Instructions to follow - Output only the lines of the entries that follow, starting at the one with "Photo 5 of 23" and running down to the one with "81-95 ROLLS ROYCE", both included and unchanged.

***** Working data *****

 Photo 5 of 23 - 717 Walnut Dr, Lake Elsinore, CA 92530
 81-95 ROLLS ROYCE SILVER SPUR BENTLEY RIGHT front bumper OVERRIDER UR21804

*****
***** Working data *****

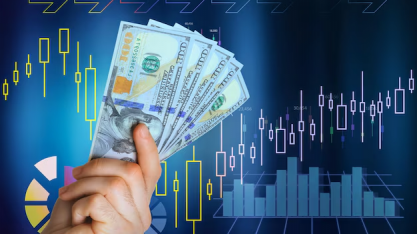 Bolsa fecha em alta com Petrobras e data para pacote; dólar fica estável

*****

Task result -
 Photo 5 of 23 - 717 Walnut Dr, Lake Elsinore, CA 92530
 81-95 ROLLS ROYCE SILVER SPUR BENTLEY RIGHT front bumper OVERRIDER UR21804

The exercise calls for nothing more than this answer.